*** Block opens ***

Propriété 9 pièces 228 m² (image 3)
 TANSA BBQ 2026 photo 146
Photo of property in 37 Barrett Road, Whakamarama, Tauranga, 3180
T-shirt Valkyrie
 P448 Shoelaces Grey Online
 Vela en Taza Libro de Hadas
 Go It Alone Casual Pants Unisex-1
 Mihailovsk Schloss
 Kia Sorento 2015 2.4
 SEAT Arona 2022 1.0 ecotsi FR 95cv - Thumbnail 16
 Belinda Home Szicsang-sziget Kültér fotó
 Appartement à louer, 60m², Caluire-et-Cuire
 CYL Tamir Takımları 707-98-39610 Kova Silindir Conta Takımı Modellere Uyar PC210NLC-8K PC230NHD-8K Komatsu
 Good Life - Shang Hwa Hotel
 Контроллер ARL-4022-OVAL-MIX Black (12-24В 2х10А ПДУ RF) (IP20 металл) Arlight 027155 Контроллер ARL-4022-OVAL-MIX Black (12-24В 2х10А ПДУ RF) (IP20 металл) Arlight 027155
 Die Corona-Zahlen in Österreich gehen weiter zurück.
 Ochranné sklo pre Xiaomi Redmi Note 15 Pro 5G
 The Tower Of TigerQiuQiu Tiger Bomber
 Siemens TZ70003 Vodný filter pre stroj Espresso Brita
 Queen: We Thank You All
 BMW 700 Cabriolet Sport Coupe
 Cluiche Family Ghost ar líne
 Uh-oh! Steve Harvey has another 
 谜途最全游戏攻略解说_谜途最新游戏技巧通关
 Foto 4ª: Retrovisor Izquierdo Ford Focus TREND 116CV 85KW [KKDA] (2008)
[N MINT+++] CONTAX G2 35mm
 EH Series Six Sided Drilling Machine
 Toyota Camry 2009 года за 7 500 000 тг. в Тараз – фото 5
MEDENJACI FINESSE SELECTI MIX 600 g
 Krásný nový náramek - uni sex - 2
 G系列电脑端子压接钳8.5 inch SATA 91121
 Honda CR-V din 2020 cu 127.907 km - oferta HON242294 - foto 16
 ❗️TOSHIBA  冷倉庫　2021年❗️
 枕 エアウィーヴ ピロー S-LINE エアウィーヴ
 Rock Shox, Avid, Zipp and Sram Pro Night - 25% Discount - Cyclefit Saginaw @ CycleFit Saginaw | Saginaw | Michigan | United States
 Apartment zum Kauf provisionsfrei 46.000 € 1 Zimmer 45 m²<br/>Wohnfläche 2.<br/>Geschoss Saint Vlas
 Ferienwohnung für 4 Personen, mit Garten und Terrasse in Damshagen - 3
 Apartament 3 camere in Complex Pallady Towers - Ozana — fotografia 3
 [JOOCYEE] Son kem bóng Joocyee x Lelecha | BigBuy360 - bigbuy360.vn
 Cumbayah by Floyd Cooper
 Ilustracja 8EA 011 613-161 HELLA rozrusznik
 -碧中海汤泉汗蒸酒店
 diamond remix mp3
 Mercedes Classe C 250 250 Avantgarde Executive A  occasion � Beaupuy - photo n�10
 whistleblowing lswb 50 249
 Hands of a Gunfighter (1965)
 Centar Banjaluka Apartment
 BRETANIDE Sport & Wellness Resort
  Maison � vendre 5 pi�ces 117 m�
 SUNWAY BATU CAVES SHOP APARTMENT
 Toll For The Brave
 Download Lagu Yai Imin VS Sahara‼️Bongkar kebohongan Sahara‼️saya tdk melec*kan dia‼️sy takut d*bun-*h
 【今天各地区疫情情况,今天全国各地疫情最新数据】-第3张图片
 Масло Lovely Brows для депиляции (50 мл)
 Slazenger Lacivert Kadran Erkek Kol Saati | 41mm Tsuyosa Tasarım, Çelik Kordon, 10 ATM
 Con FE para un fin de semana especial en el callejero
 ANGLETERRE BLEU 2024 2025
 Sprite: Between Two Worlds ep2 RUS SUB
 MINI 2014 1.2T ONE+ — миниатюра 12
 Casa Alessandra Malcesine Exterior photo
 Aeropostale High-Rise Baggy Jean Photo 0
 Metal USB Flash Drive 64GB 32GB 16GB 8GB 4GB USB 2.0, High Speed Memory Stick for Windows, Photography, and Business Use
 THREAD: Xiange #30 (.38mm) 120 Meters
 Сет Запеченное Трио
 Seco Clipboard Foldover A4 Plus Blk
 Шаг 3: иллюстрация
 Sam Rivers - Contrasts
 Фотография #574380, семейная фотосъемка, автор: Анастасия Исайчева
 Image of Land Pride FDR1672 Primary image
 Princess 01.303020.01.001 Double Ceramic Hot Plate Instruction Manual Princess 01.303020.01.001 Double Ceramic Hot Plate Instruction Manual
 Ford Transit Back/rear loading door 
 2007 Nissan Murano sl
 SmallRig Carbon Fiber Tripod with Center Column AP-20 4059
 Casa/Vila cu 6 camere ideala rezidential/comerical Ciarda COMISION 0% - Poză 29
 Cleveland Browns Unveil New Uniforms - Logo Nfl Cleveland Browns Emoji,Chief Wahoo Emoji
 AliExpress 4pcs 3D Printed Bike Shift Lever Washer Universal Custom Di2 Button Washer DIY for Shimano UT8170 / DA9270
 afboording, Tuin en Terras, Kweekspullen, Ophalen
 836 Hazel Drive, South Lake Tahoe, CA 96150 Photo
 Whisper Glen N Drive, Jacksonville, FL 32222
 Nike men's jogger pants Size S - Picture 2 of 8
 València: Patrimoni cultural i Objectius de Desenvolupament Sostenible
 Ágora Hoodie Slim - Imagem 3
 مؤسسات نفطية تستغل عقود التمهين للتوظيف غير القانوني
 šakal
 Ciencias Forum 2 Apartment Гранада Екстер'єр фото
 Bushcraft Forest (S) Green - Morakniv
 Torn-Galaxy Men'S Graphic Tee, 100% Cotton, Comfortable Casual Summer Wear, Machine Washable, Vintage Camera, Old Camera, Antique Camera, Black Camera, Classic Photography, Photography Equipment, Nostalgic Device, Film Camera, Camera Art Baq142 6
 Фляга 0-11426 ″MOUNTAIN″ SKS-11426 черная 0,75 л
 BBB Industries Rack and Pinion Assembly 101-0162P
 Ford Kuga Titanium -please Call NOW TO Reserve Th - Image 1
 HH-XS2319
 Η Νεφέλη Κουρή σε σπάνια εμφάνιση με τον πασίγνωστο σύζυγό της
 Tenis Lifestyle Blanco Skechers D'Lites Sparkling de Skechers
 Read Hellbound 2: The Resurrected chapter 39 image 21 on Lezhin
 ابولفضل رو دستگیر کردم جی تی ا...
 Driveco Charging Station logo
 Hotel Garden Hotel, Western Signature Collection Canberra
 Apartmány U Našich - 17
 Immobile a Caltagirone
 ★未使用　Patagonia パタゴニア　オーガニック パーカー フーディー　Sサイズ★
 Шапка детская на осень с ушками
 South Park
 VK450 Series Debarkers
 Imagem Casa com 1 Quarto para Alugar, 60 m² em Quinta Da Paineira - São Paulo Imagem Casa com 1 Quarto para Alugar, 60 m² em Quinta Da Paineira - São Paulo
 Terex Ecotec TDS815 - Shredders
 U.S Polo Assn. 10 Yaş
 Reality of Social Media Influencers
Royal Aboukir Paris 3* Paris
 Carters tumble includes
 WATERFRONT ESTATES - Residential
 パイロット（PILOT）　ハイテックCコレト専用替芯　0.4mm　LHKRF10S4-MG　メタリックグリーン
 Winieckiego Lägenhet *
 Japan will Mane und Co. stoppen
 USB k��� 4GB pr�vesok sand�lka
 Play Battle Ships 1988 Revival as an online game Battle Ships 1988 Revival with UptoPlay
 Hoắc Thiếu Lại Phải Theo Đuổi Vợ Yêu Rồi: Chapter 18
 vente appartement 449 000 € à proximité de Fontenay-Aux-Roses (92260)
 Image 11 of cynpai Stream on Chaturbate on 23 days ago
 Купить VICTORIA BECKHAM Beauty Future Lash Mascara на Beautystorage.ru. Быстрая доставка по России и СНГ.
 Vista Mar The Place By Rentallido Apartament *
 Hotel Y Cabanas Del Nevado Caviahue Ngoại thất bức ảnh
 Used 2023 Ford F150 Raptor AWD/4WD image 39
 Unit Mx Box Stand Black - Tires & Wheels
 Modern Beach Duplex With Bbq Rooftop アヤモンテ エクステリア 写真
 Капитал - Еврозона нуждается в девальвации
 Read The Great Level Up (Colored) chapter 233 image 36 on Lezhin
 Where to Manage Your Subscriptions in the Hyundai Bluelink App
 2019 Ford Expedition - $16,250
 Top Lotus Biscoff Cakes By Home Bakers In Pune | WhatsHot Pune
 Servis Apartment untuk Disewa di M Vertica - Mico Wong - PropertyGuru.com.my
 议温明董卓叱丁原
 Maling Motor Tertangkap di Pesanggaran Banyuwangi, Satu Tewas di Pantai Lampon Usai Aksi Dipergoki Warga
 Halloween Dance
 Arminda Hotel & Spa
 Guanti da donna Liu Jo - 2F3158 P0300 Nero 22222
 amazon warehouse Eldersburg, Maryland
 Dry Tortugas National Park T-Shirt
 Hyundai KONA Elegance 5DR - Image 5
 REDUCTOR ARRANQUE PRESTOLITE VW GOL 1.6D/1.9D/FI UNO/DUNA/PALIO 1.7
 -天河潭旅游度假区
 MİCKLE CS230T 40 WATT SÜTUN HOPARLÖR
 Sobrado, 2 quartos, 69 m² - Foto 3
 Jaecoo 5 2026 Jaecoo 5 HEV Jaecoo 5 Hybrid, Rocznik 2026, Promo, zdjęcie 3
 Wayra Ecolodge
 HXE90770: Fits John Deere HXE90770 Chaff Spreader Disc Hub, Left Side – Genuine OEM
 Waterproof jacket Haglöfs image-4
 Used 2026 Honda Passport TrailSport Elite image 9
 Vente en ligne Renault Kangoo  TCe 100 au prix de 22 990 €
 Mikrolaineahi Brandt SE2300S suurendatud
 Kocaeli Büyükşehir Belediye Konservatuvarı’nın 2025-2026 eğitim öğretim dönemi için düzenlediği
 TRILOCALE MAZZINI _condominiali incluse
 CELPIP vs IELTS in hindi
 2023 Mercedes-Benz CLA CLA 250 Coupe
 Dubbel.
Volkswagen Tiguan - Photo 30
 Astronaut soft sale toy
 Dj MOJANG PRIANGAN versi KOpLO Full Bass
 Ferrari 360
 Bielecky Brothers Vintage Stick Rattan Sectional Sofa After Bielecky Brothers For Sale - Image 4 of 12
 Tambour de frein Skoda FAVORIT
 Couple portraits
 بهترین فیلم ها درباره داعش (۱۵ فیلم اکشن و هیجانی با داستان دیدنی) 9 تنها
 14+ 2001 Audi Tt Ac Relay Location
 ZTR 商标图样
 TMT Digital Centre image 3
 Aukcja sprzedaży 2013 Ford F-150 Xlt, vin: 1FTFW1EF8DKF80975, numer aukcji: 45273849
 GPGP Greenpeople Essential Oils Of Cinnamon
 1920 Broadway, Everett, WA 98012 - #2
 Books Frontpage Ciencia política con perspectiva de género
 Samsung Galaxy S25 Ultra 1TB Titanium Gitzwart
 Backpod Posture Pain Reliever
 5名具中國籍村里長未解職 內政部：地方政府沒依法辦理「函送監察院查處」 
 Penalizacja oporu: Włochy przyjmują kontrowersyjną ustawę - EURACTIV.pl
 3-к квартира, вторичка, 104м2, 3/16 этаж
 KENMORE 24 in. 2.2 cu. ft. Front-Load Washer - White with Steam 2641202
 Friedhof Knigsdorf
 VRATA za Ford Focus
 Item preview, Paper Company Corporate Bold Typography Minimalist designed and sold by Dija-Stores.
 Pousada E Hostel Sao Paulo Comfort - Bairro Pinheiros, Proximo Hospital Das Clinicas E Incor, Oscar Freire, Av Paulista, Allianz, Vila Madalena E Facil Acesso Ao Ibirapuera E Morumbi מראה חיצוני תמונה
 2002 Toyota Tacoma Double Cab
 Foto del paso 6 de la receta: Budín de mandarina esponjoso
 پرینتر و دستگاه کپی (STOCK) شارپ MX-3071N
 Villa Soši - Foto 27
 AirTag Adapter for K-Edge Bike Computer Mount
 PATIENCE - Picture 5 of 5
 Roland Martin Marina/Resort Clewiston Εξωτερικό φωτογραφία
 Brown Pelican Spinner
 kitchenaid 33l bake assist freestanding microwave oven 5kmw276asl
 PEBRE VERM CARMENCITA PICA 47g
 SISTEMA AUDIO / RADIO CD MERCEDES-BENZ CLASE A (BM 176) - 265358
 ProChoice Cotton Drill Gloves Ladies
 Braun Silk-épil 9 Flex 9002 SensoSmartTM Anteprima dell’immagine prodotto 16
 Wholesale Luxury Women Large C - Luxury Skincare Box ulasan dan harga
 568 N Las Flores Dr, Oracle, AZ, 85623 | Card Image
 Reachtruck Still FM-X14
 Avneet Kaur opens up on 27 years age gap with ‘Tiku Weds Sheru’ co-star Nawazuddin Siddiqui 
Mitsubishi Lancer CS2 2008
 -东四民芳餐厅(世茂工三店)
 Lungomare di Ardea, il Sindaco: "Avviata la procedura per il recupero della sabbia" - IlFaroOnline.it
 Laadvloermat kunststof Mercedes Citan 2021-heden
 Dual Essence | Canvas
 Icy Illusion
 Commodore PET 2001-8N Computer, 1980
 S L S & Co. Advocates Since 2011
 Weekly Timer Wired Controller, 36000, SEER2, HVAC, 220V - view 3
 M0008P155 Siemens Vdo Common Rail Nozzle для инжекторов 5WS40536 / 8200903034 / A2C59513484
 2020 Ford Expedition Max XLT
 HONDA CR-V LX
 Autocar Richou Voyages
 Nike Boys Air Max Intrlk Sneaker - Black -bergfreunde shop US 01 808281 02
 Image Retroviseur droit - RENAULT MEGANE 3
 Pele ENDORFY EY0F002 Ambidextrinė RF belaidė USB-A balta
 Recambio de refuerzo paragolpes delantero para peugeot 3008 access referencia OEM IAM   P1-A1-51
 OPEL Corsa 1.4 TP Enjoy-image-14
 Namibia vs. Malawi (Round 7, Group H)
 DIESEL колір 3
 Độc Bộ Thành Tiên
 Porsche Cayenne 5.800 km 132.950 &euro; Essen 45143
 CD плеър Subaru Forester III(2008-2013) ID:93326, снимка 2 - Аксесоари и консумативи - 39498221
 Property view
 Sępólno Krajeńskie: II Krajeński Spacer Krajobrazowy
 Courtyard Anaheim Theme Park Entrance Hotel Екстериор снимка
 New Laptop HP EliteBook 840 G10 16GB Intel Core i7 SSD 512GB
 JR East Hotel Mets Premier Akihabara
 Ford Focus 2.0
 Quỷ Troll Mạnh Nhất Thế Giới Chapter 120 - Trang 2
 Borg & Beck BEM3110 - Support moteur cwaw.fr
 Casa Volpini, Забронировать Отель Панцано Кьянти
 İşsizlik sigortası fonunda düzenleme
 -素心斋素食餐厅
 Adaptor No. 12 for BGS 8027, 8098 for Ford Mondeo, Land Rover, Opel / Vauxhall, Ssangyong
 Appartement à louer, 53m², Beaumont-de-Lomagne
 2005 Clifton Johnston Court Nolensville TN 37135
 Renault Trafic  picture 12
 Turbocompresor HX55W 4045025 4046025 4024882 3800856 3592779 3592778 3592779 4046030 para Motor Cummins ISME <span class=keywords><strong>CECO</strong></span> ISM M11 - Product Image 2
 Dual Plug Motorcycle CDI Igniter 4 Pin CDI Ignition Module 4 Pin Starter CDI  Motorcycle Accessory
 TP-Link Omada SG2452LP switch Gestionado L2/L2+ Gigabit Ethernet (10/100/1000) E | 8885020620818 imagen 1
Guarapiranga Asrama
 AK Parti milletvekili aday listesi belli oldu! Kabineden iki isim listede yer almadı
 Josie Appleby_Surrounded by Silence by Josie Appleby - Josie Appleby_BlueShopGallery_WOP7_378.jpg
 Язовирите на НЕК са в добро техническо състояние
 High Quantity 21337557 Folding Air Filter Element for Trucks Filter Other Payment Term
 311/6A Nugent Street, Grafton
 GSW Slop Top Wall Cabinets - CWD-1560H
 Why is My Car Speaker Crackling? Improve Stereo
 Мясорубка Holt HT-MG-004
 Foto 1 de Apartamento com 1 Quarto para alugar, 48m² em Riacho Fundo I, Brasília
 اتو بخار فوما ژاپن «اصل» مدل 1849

*** Block closes ***

Beginning with the line that has "2020 Ford Expedition Max XLT" and ending with the line that has "Sępólno Krajeńskie: II", set down the lines above exactly and include no others.

**REPLY TO THE TASK:**
 2020 Ford Expedition Max XLT
 HONDA CR-V LX
 Autocar Richou Voyages
 Nike Boys Air Max Intrlk Sneaker - Black -bergfreunde shop US 01 808281 02
 Image Retroviseur droit - RENAULT MEGANE 3
 Pele ENDORFY EY0F002 Ambidextrinė RF belaidė USB-A balta
 Recambio de refuerzo paragolpes delantero para peugeot 3008 access referencia OEM IAM   P1-A1-51
 OPEL Corsa 1.4 TP Enjoy-image-14
 Namibia vs. Malawi (Round 7, Group H)
 DIESEL колір 3
 Độc Bộ Thành Tiên
 Porsche Cayenne 5.800 km 132.950 &euro; Essen 45143
 CD плеър Subaru Forester III(2008-2013) ID:93326, снимка 2 - Аксесоари и консумативи - 39498221
 Property view
 Sępólno Krajeńskie: II Krajeński Spacer Krajobrazowy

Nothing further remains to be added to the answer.